As a composer maybe but as a man he was on the brink to leave opera before the big success that was the Chenier premiere.
How he fought to get the success though was really remarkable (Franchetti was a big help too).


----------



## HumphreyAppleby (Apr 11, 2013)

I admit to ignorance of Giordano's biography. All I can say is that often it is in or after their greatest distress that artists produce their best work.


----------



## Marschallin Blair (Jan 23, 2014)

> HumphreyAppleby: Verismo (Mascagni, Leoncavallor, Giordano, Cilea, Zandonai, Charpentier etc.)


Great posts.


----------



## HumphreyAppleby (Apr 11, 2013)

Karajan performing Mascagni is a dream. Gorgeous.

Here's the whole opera! A beautiful film, albeit hard to follow at times.


----------



## Revenant (Aug 27, 2013)

HumphreyAppleby said:


> I agree about _Chenier_. Illica wrote a very good libretto. The thing that most impresses me about this opera is the arias: they just keep coming. I can't think of an opera with more famous/great arias in it, except maybe _Turandot_ or _Rigoletto_. L'improvviso, Nemico della patria, La mamma morta, Si fui soldato, Come un bel di' di maggio... they just keep coming. Giordano was having a really good day. *Unfortunately, I have yet to find a recording of the opera which odes full justice to all of them. **Any suggestions?* [...snip...]
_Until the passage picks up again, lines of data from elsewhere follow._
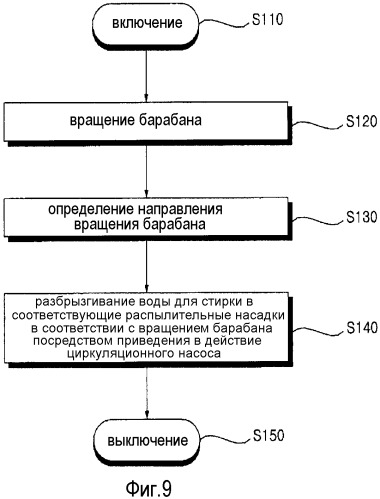 Стиральная машина и способ стирки (патент 2480545)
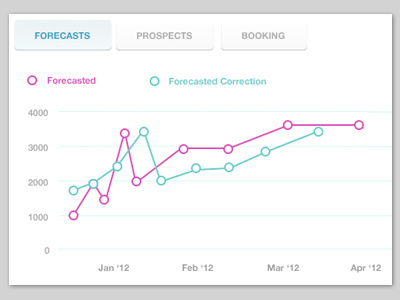 Forecasts, Prospects & Booking admin application charts information design ui ux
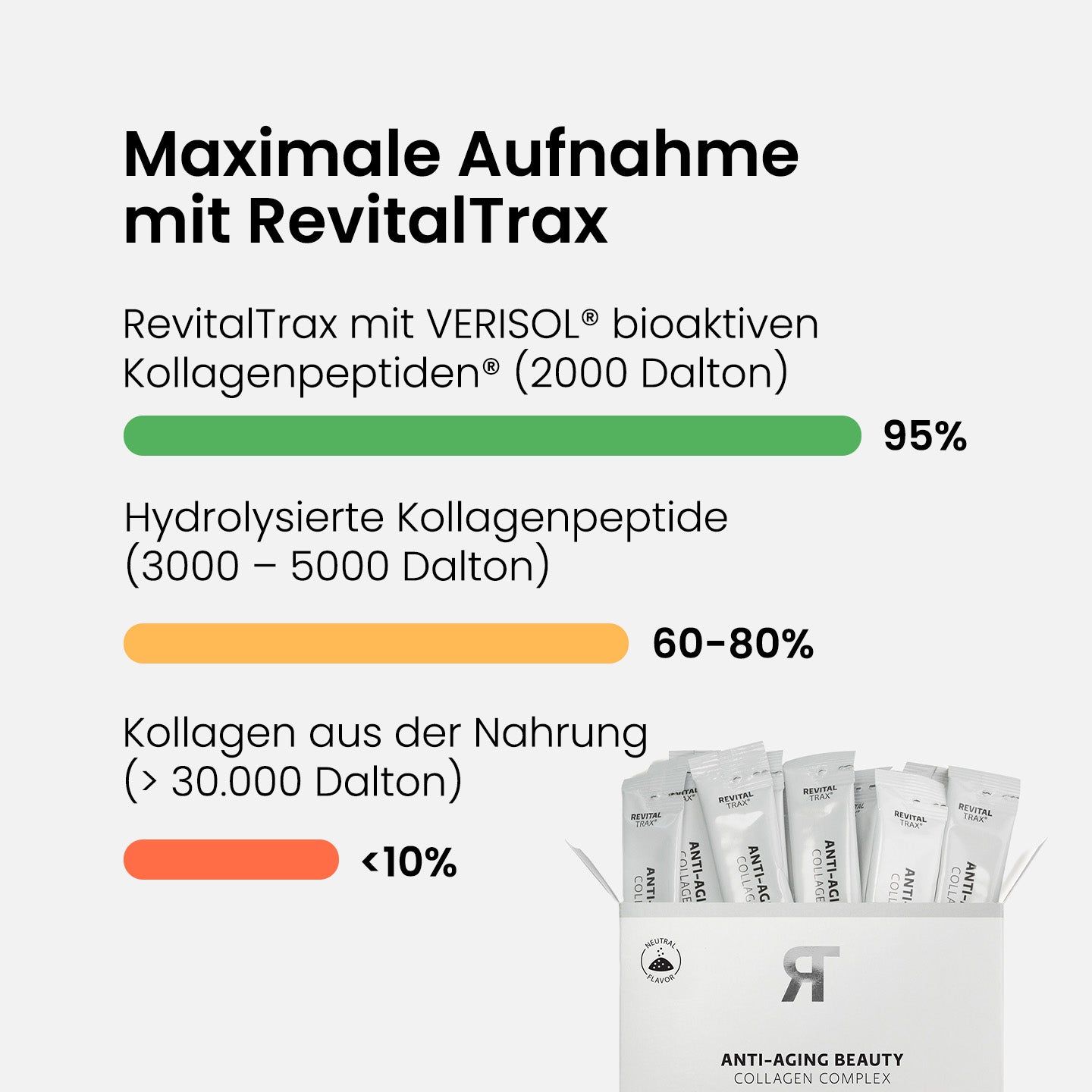Anti-Aging Schönheits Kollagen Komplex - Regular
Being an oldster, I can relate much better to the 'historical' recordings which originally led me to love this opera. If you prefer or absolutely require more modern recordings then YMMV. That said, these are the ones I have. I like them all, with the Gigli and the two Corelli versions being the best, imo. (Yes, Corelli. I have reservations about his perfervid singing in many other operas, but he is perfect as Chenier.) Illica could dispense with the Giacosa lyricism in this opera, giving his penchant for construction and gift for strong, dramatic lyrics in the arias. Aside from the highlights you mention I would add the stunning final Maddalena-Chenier duet in the shadow of the guillotine. What a way to bring down the curtain!

Chronologically:
1. 1941. Studio recording. Gigli, Caniglia, Bechi, cond. Oliviero De Fabritiis, Orchestra e Coro del Teatro alla Scala di Milano. Arkadia. Gigli a bit past his prime but still shines in his signature role as Chenier. Bechi is a great Gerard.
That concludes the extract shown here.